Now I'll admit that feminists don't have a great track record when it comes to sexuality. Our feminist foremothers often condemned women for expressing their sexuality, claiming the fact that they were allowing themselves to be "objectified" was bad for women. Women who enjoyed sex were embracing their own subjugation, with some feminists going so far as to claim that any heterosexual sex constituted violence toward women. 
Those were the bad old days, and those attitudes are as outdated as a lady mullet. 
In recent years, feminists have largely shed that ideology, and rightfully so. Some feminists used to say that women who dressed sexy were encouraging men to be pigs, but now we recognize that as victim blaming and slut shaming. Women's clothing aren't responsible for men's behavior, men are. They are our bodies, after all, and dressing as we wish is empowering.

But... music videos for Nicki Minaj's Anaconda and Rihanna's Bitch Better Have My Money, are simply not empowering. They're not. I've read tons of editorials insisting that the women are exercising their "free agency" as women, demonstrating "ownership" of their bodies. I've read editorials crying racism at feminists who express dislike for the videos and I just don't buy it.
Let's start with Anaconda. It is essentially five minutes of Minaj's ass in various positions, sometimes rubbing against the asses of other women. 

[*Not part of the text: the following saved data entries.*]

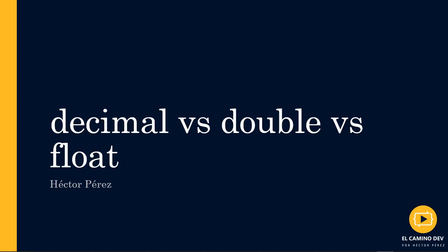Hello, how are you? I'm Hector Perez from Dev School. On this occasion, we're going to discuss a question that's very common for those just starting in the world of C-sharp.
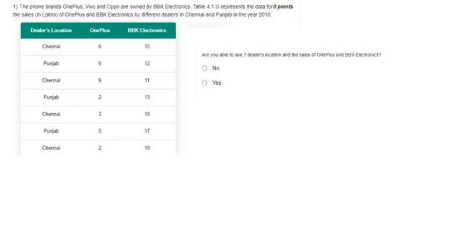Hello guys, welcome to my channel. Today we will solve the IITM qualifier exams week 4 statistics graded assignment. In this question, it asks whether you are able to see seven dealers' locations and the sales of OnePlus and BBK Electronics. You can see the seven dealers' locations from this table, so the answer to this question is yes.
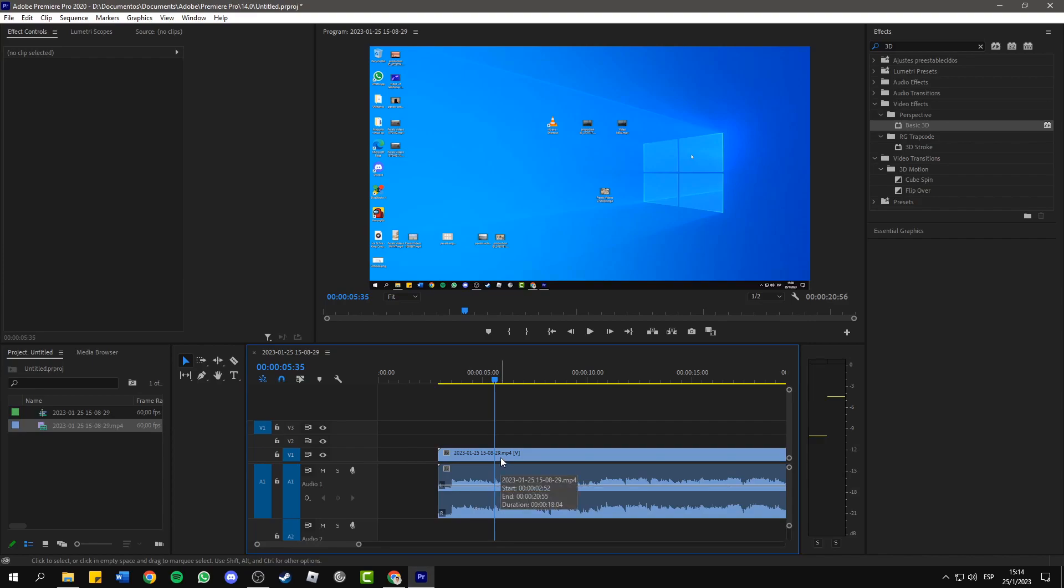Hello everyone, in this short and simple tutorial I will show you how to delete the clicking sounds from your screen recordings.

The girl-on-girl thing is the first issue here. In the past several decades, lesbian sexuality has become a fetish for straight men, who have come to the conclusion that lesbian sexuality exists for their consumption. It's a huge problem for a lot of lesbians who would rather not be invited to perform every time they choose to hold hands with a partner in public. Yes, men are responsible for their own behavior. But Minaj choosing to grease herself up and rub her ass all over another woman for the benefit of a male audience does reinforce the notion that lesbian sexuality is all about men. It wasn't okay when Katy Perry did it in I Kissed a Girl, it isn't okay when Minaj does it.  
This video screams "I am my body; I am nothing but my body." It begs people to buy her records and watch her videos because of her body and not because she's an extremely talented musician, which she is. She's got a gorgeous body and she has the absolute right to show off just as much of it as she wants; but in this video, she is reducing herself to just a body and that's not feminism.
And then there's Bitch Better Have My Money. In this video, Rihanna kidnaps a woman, beats her bloody, sexually tortures her - with rape very strongly implied - and then appears to murder her. Rebecca Carroll at The Guardian says "what really has white feminists upset is that in the video Rihanna, a black woman, puts her own needs before a white woman’s needs." Sorry lady, but a woman's need to not be raped pretty much always trumps another person's need to rape her regardless of the skin color in the equation. This isn't empowerment, it's a god damn snuff film. And looking past that, it portrays an apparently innocent woman being raped and tortured because her husband owes Rihanna's character; it reinforces that notion that women are responsible for men's behavior. This isn't the playful kink of her earlier S&M video; it's not even the compartmentalized fantasy of a porn flick. This video is nothing more or less than a glorification of rape culture and that is. not. feminism. It's decidedly the opposite. 


...damn, why does that song have to be so catchy?